Trine Drivsholm runs a studio with colleague Tobias Møhl. She works with sculpted and organic shapes in the blown glass, characterized by a tactile surface. “Botanical Structure is the result of my fascination of structures inside natural plants. I have worked with the inherent recognisability of cross-sections of plants by enlarging and variating structures and rhythms in patterns and shapes. The surface has a soft expression, almost transparent yet still matte, to emphasize the connection to my point of inspiration. The work is made of coloured components and canes that are fused together and intensively cold worked.” Trine’s sculptures have been acquired by a number of prestigious international institutions, including Glasmuseum Ebeltoft, Denmark National Arts & Design Collection, the Holland Museum für Kunst und Gewerbe in Hamburg and the Racine Art Museum in Wisconsin, USA.
GEORGE WILLIAM BELL
George William Bell’s work stands on the fine line between fine art, craft and design with material investigation and innovation at its core.

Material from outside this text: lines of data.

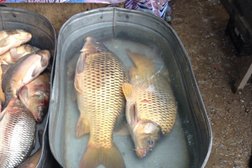 Миллеровский рынок, с рейтингом 4 - находится по адресу Ростовская область, Миллерово, Российская улица, 57 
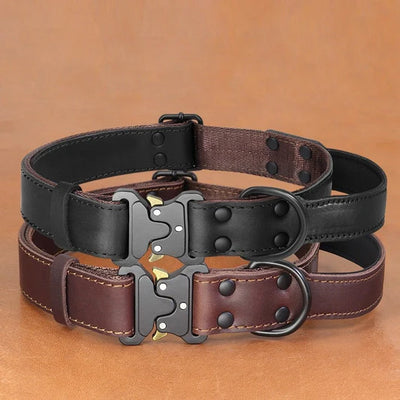 pet collars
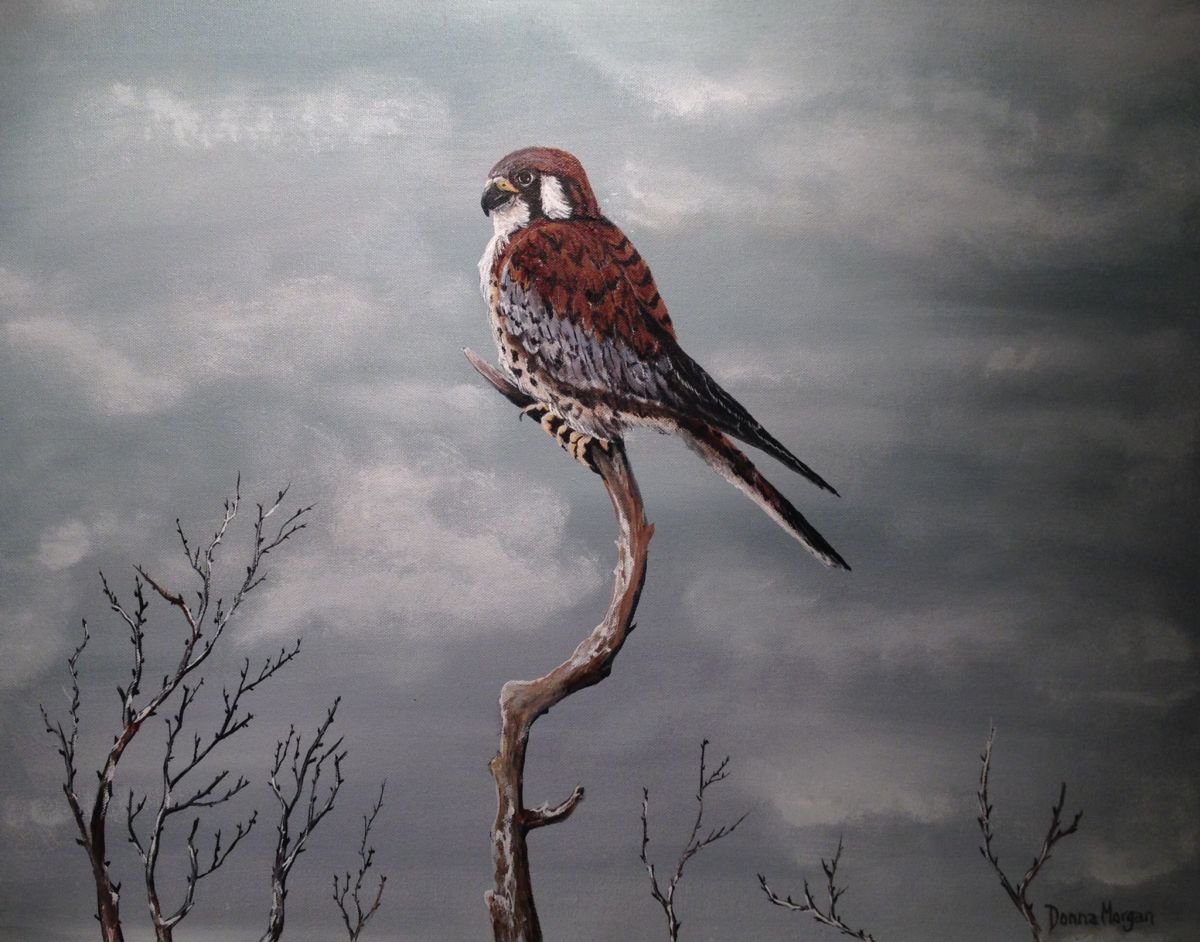 Photorealistic Animal Acrylic Painting By Donna Daniels, 28 X 22, Treetop Kestrel, Original Artwork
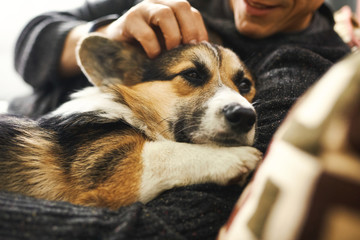 young man owner petting the dog, resting with his pet at home on couch, spending time together, cute Welsh Corgi puppy. Concept friendship with dog and human, cute moments, relaxing, carefree. - 314328750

His personal artistic exploration has entered a paradoxical paradigm in which craftsmanship and artistic intent work in collaboration with the possibilities inherent in self governing form. Exploring autonomous, self-generative aesthetics, material possibilities come into being which hold the power of tactical form in flux. G.William Bell’s work looks to the future of the handmade object, a future in which boundaries are blurred, and ingrained belief systems are challenged. Bell’s work has been exhibited widely, featuring in several high profile international exhibitions including New Glass Now, at Corning Museum of Glass (New York), The European Award for Applied Arts (Mons, Belgium) as well as Glass is Tomorrows touring exhibition (Stockholm, Milan, London) amongst others. He has received awards from Danske Kunsthåndværkere & Designere, Ung Svensk Form, and the Stanislav Libensky Award.
Mette Bentzen & Lasse Kristensen
Furniture makers Egeværk are currently challenging status quo in the world of Danish fine furniture. Rounded by the most exquisite traditions of this proud and renowned industry, Egeværk offers a new and uncompromising take on creating next generation furniture. Or is their take actually an old one? The fact of the matter is that Egeværk owners Mette Bentzen and Lasse Kristensen draw on craft traditions dating back to the time of their great-grandparents; while at the same time offering a breath of fresh air to their industry. An industry that for decades has idolized the designer and somewhat neglected the true craftsmanship. Egeværk is all about the opposite; no compromises apply in the process of manufacturing and the beauty and longevity of the furniture are created in an almost spiritual devotion to the finest wood work.
All Egeværk pieces are meticulously crafted at the Egeværk workshop in Elsinore (Helsingør) – an old industrial town on the north coast of Zealand – and here a certain workshop spirit is cultivated. All Egeværk furniture makers are trained from scratch in the workshop to meet til staggering quality demands of Mette Bentzen and Lasse Kristensen. Both Mette and Lasse are award-winning furniture makers trained in the most esteemed workshops of Copenhagen, and they continue to push the envelope when developing their designs and craft. Modest by nature and always absorbed in his work, it is only Lasse’s T-shirts that occasionally give him away; he is a Danish as well as a Nordic champion in cabinetmaking, and has even defended the Danish colours in the world championship.
The word ‘compromise’ is nowhere to be found in the Egeværk dictionary!